Ryan Nishi,1,2 Jenna Tsuzaki,1,2 Shashi Sharma,1,2 Camera Nishida,1,2 Matthew Kao,1,2 Kyle Ishikawa,3 Natalia Gonzalez,1 Kore Liow,1,2 Enrique Carrazana2

1 ALS and Neuromuscular Center, Hawaii Pacific Neuroscience, Honolulu, HI

2 John A. Burns School of Medicine, University of Hawaiʻi, Honolulu, HI

3 JABSOM Biostatistics Core Facility, Department of Quantitative Health Sciences, University of Hawaiʻi John A. Burns School of Medicine, Honolulu, HI

Background: Tarsal tunnel syndrome (TTS) is a compressive neuropathy of the posterior tibial nerve that remains underdiagnosed due to its variable presentation and symptomatic overlap with other conditions. As patients increasingly turn to online platforms such as YouTube for health information, concerns have emerged regarding the reliability and comprehensibility of such content.

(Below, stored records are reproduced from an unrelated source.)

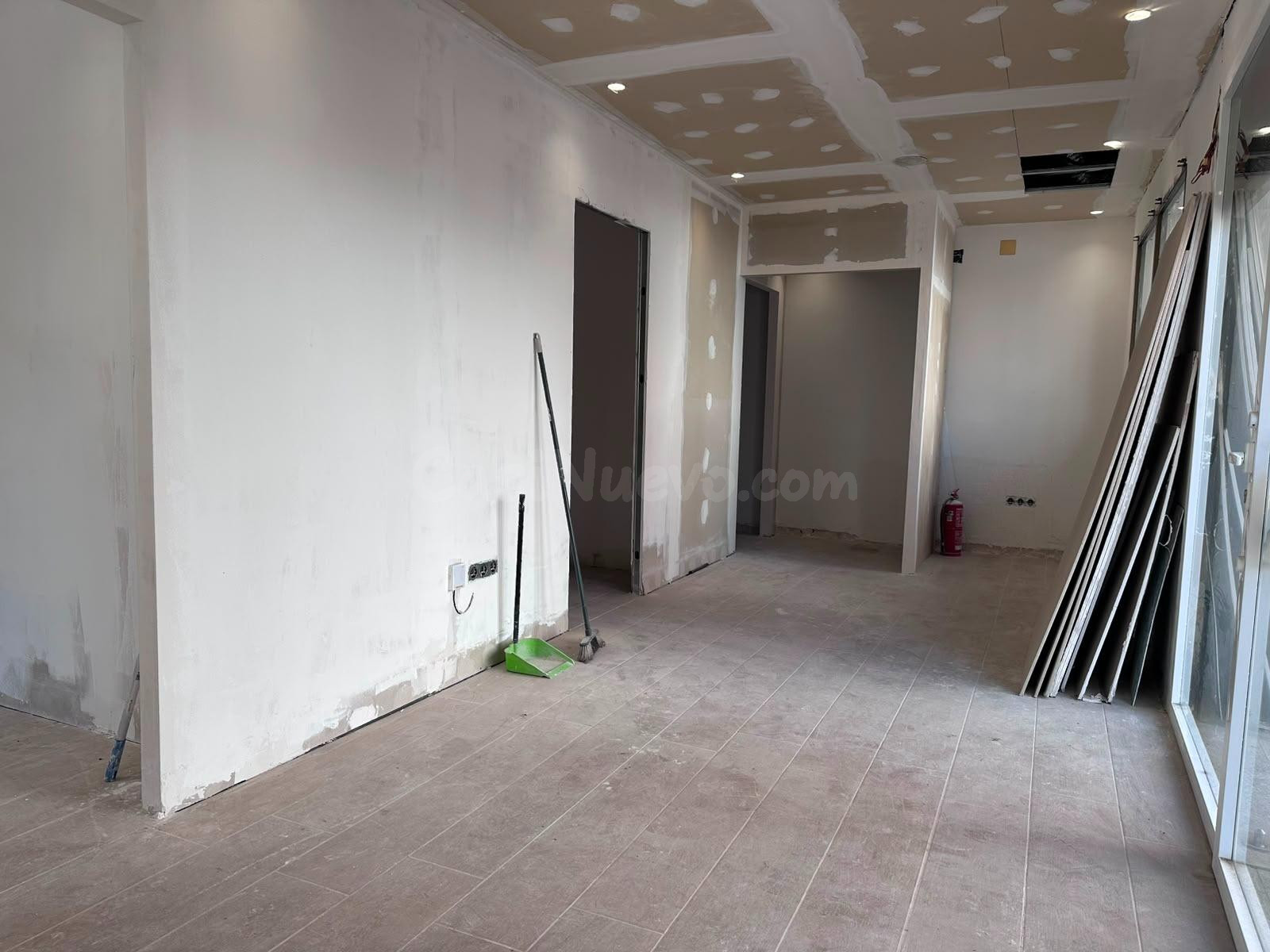 LOCAL COMERCIAL EN ALQUILER EN MISLATA - foto 3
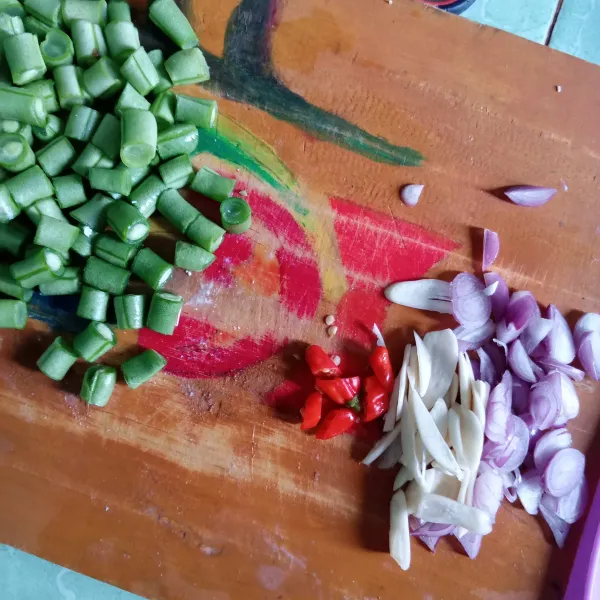 Siapkan buncis potong kecil, iris bawang merah dan bawang putih serta cabai rawit.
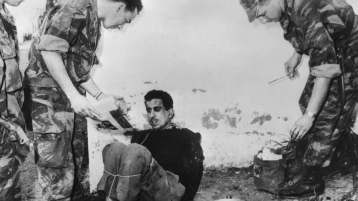 دروسٌ حول انتهاكات الاحتلال الفرنسي للقانون الإنساني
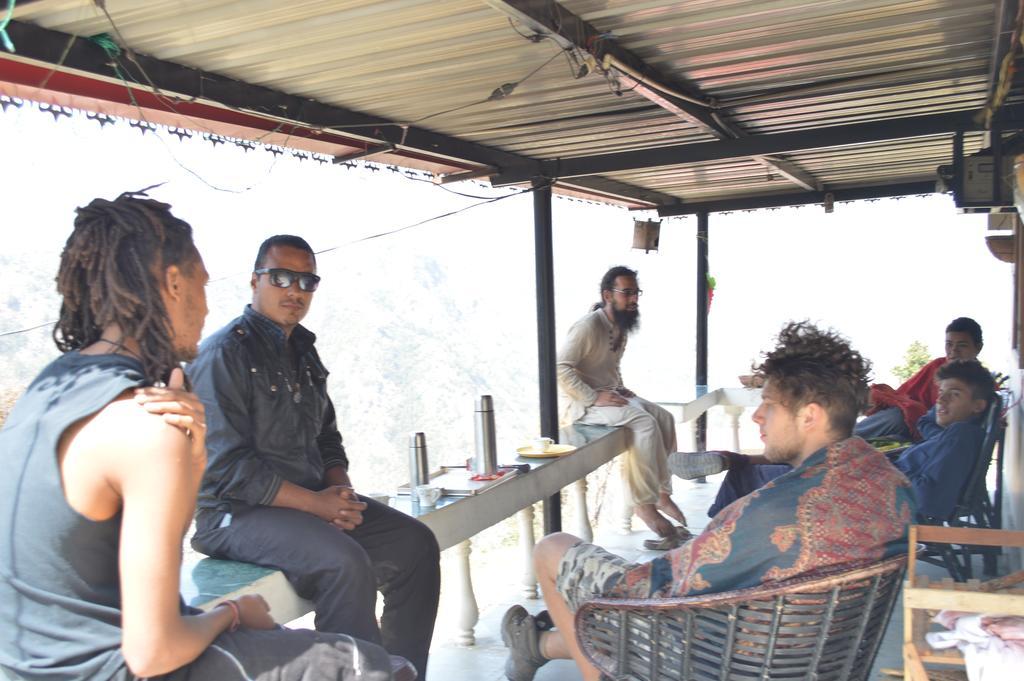 Dhanaulti Camp Homes Retreat Kültér fotó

Methods: On December 23, 2024, YouTube was queried using the terms “tarsal tunnel syndrome,” “tarsal tunnel release,” and “tarsal tunnel injection.” After applying exclusion criteria for duplicates, unrelated content, non-English language, and short duration (<30 seconds), 88 videos were analyzed and the 50 most-viewed videos were included for analysis. Each video was assessed using three tools: the Journal of the American Medical Association (JAMA) Benchmark Criteria (0–4) for reliability, a 4-point Likert scale for comprehensibility, and a 19-point Tarsal Tunnel Syndrome-Specific Score (TTS-SS) for educational content. Video source, content type, and video power index (VPI) were also recorded. The Shapiro-Wilk test was used to assess normality; Kruskal-Wallis and Wilcoxon rank sum tests were used for comparisons, with Holm adjustment for multiple comparisons.

Results: The median TTS-SS was 5.2 (IQR 3.0–8.0). The mean JAMA and comprehensibility scores were 2.0 and 2.6, respectively. Only 10% of videos met all four JAMA criteria, and fewer than 20% were rated as highly comprehensible. Disease-specific videos had the highest TTS-SS (mean = 6.8), while non-surgical management videos scored lowest (mean = 2.8, p = 0.025). Videos by trainers and physical therapists had significantly higher VPI (mean = 338.4) than those by physicians (mean = 0.26, p < 0.001), despite lower educational scores. Surgical technique videos were the least comprehensible (mean = 1.4) compared to other content types (p < 0.05).

Conclusion: The overall quality, reliability, and comprehensibility of YouTube videos on TTS are low. While healthcare professionals produce more accurate content, their videos are less engaging than those from non-physicians. Major limitations include the dynamic nature of YouTube’s algorithm, exclusion of non-English videos, and subjective comprehensibility scoring. Efforts to improve the visibility of evidence-based content are warranted to ensure patients receive accurate online information for underrecognized conditions like TTS.